(PROMPT): In the copy, every line of the material that follows must appear exactly, and no pictures should.

(GIVEN ENTRIES):
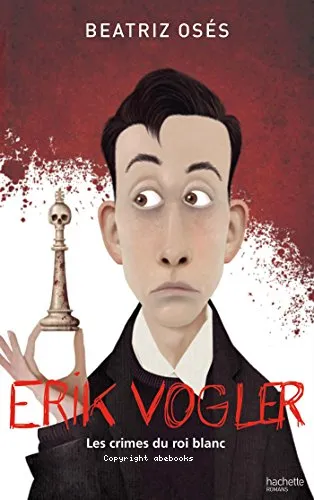 Eric Vogler et les crimes du roi blanc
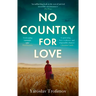 No Country for Love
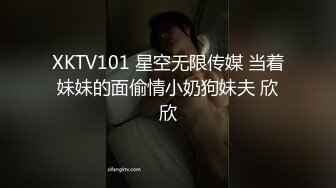 XKTV101 星空无限传媒 当着妹妹的面偷情小奶狗妹夫 欣欣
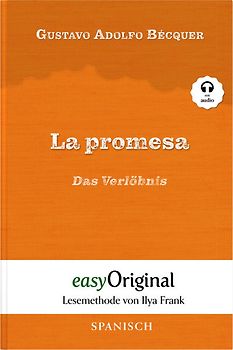 La promesa / Das Verlöbnis (Buch + Audio-Online) - Lesemethode von Ilya Frank - Zweisprachige Ausgabe Spanisch-Deutsch
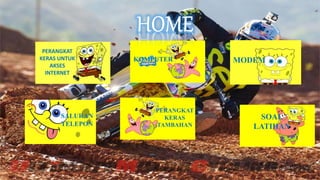 PERANGKAT
KERAS UNTUK
AKSES
INTERNET
KOMPUTER MODEM
SALURAN
TELEPON
PERANGKAT
KERAS
TAMBAHAN
SOAL
LATIHAN
 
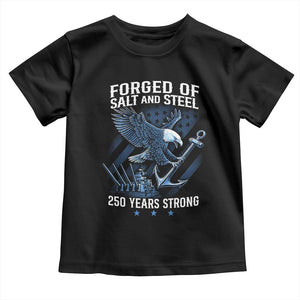 Navy Military 250th Anniversary Toddler T Shirt Forged Of Salt And Steel 250 Years Strong TS11 Black Print Your Wear
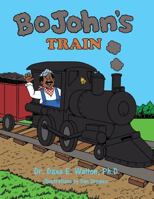 Bo John's Train 154135916X Book Cover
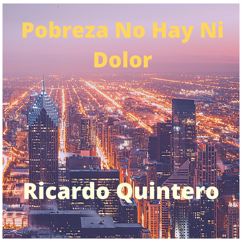 Ricardo Quintero: Pobreza No Hay Ni Dolor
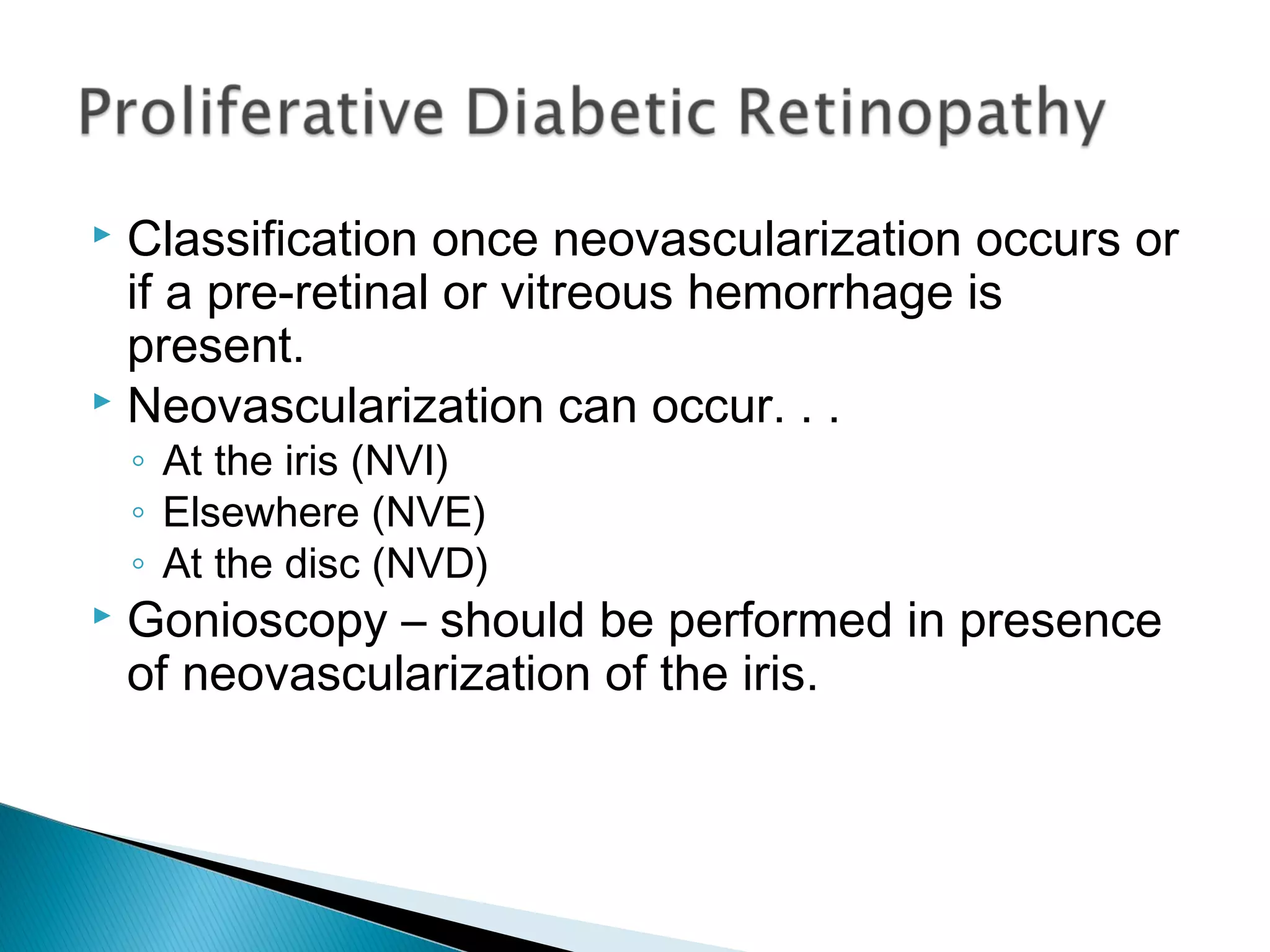  Classification once neovascularization occurs or
if a pre-retinal or vitreous hemorrhage is
present.
 Neovascularization can occur. . .
◦ At the iris (NVI)
◦ Elsewhere (NVE)
◦ At the disc (NVD)
 Gonioscopy – should be performed in presence
of neovascularization of the iris.
 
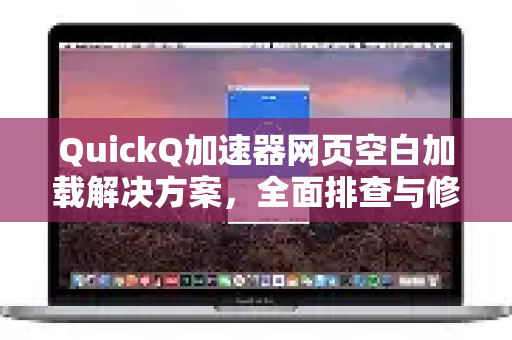 QuickQ加速器网页空白加载解决方案，全面排查与修复指南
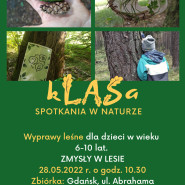 kLASa - spotkania w naturze: Zmysły w lesie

(WRITTEN REPLY):
 Eric Vogler et les crimes du roi blanc
 No Country for Love
 XKTV101 星空无限传媒 当着妹妹的面偷情小奶狗妹夫 欣欣
 La promesa / Das Verlöbnis (Buch + Audio-Online) - Lesemethode von Ilya Frank - Zweisprachige Ausgabe Spanisch-Deutsch
 PERANGKAT
KERAS UNTUK
AKSES
INTERNET
KOMPUTER MODEM
SALURAN
TELEPON
PERANGKAT
KERAS
TAMBAHAN
SOAL
LATIHAN
 
 Navy Military 250th Anniversary Toddler T Shirt Forged Of Salt And Steel 250 Years Strong TS11 Black Print Your Wear
 Bo John's Train 154135916X Book Cover
 Ricardo Quintero: Pobreza No Hay Ni Dolor
  Classification once neovascularization occurs or
if a pre-retinal or vitreous hemorrhage is
present.
 Neovascularization can occur. . .
◦ At the iris (NVI)
◦ Elsewhere (NVE)
◦ At the disc (NVD)
 Gonioscopy – should be performed in presence
of neovascularization of the iris.
 
 QuickQ加速器网页空白加载解决方案，全面排查与修复指南
 kLASa - spotkania w naturze: Zmysły w lesie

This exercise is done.